O'Malley's Green Legacy and Lessons for Those Who Will Follow

DES MOINES, IA - FEBRUARY 1: Democratic presidential candidate Martin O'Malley tells a small gathering of supporters that he
DES MOINES, IA - FEBRUARY 1: Democratic presidential candidate Martin O'Malley tells a small gathering of supporters that he will suspend his presidential campaign February 1, 2016 in Des Moines, Iowa. O'Malley finished with about one percent of the vote behind former Secretary of State Hillary Clinton and U.S. Sen. Bernie Sanders (I-VT). (Photo by Steve Pope/Getty Images)

By the time we get to the next Democratic presidential debate in Flint, Michigan, on March 6, we'll have a lot better feel as to who will go forward as the party's nominee. But now, there are only two Democratic candidates, because Martin O'Malley has ended his campaign.

While no one, probably including him, thought he had a real chance to be the nominee, that doesn't mean his candidacy was in vain. On the contrary, his commitment to the greater public good led him to enter the race as a champion of the environment. And it's a shame we won't see him in Flint, because it's the kind of backdrop O'Malley deserved to help draw attention to the environmental issues he works so hard to champion.

Certainly he'd carry an authentic, all-in environmental message to this event, formed by his deep belief that the threat of climate change is real; that the clean energy economy is a job generator; that big data is a tool we've only just begun to apply to solving environmental and other problems at community scale.
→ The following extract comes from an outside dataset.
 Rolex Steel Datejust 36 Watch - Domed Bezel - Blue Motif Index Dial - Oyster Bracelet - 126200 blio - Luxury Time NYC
In fact, it was his data-driven worldview that first got my attention when he talked at a USGBC event about CompStat, a system for urban crime fighting he developed while mayor of Baltimore. At our event he also demonstrated its environmental application to monitoring the health of the oyster population in the Chesapeake Bay.
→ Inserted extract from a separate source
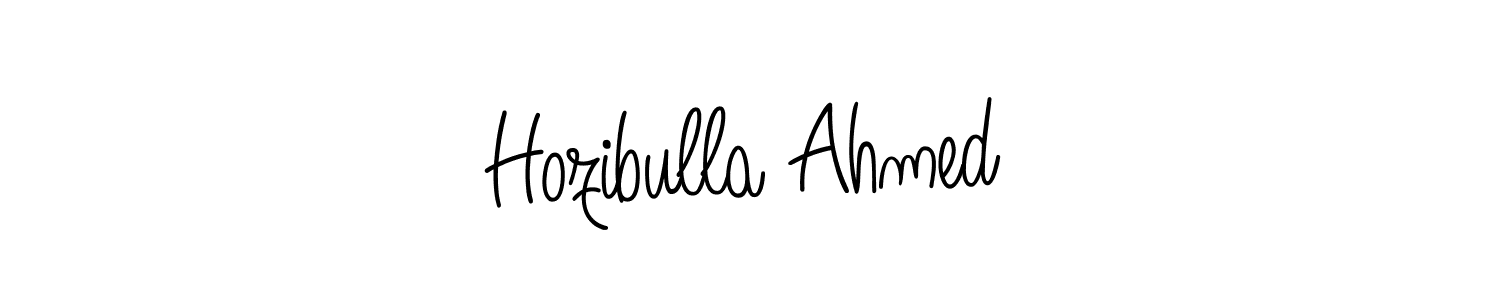 Use a signature maker to create a handwritten signature online. With this signature software, you can design (Angelique-Rose-font-FFP) your own signature for name Hozibulla Ahmed. Hozibulla Ahmed signature style 5 images and pictures png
He later expanded that to an initiative called CitiStat, a way to manage all city programs and services by gathering Information on a series of performance indicators and analyzing it with the assistance of computerized databases and geographic mapping to zero in on areas of underperformance. I can't help but believe those poor people in Flint could have avoided their current fate if this kind of management efficiency and creative problem-solving had been in place, instead of the circular finger-pointing that is currently going on at the expense of the community's children.

This kind of intentional data aggregation and analysis approach is especially effective when you are trying to create and manage climate policy. If emission reductions are your goal, you have to find a way to track and manage multiple activities across numerous categories because success is in being able to see the power of multiple incremental steps. O'Malley used this approach as governor of Maryland to keep tabs on everything from energy demand to transit use to water use to waste management.

A great example of how this worked is O'Malley's leadership in Maryland in 2011 when he took a critical step toward completing the backbone of a solid green building policy for his state, something that has a lot of lessons in it for the rest of the country. He put in place three critical policy levers meant to work in tandem: leadership by example commitments to building beyond code to greener building standards; incentives for beyond-code green, k56 building leadership; and improved code minimums for all.

This made Maryland the first state in the country to enable the adoption of the International Green Construction Code (IgCC) by all local governments across the state - the first state in the nation to really get it right - and only the second to enable a framework for statewide adoption of green building codes. And a national partnership of like-minded organizations continues to refine new editions of these policy tools based on all that we're learning in places like Maryland that are putting them into action.

O'Malley spoke at our annual Greenbuild conference in New Orleans in 2014, previewing the cornucopia of ideas he would ultimately lay out in his campaign. In an editorial in USAToday last August, O'Malley said, "Clean energy represents the biggest business and job creation opportunity we've seen in 100 years. Given the grave threat that climate change poses to human life on our planet, we have not only a business imperative but a moral obligation to future generations to act immediately and aggressively."

During his campaign, O'Malley called out some specific actions that the remaining candidates in both parties should heed:

• Create a Clean Energy Jobs Corps to partner with communities to retrofit buildings to be more energy efficient, improve local resiliency, create new green spaces, and restore and expand our forests so they can absorb more greenhouse gases.

• Retrofit federal buildings to the highest efficiency standards and require new federal buildings to be net-zero as well as require the federal fleet to be subject to low- or zero-emissions purchasing agreements, and require all federally funded infrastructure projects to meet climate resiliency standards.

• Require higher energy efficiency standards for all new buildings while requiring energy costs to be transparent to building tenants and purchasers.

• Create a Clean Energy Financing Authority to support projects to increase efficiency and resiliency upgrades in cities, towns, and rural communities nationwide.

• Invest in improving the quality and availability of information about environmental conditions so as to empower citizens and communities to make sound decisions.

While we'll miss O'Malley on the stage in Flint, I'm confident we'll see him on plenty of other stages in the very near future. With his strong grasp of our environmental challenges and the policy solutions that can help solve them, we need his leadership on these issues now more than ever.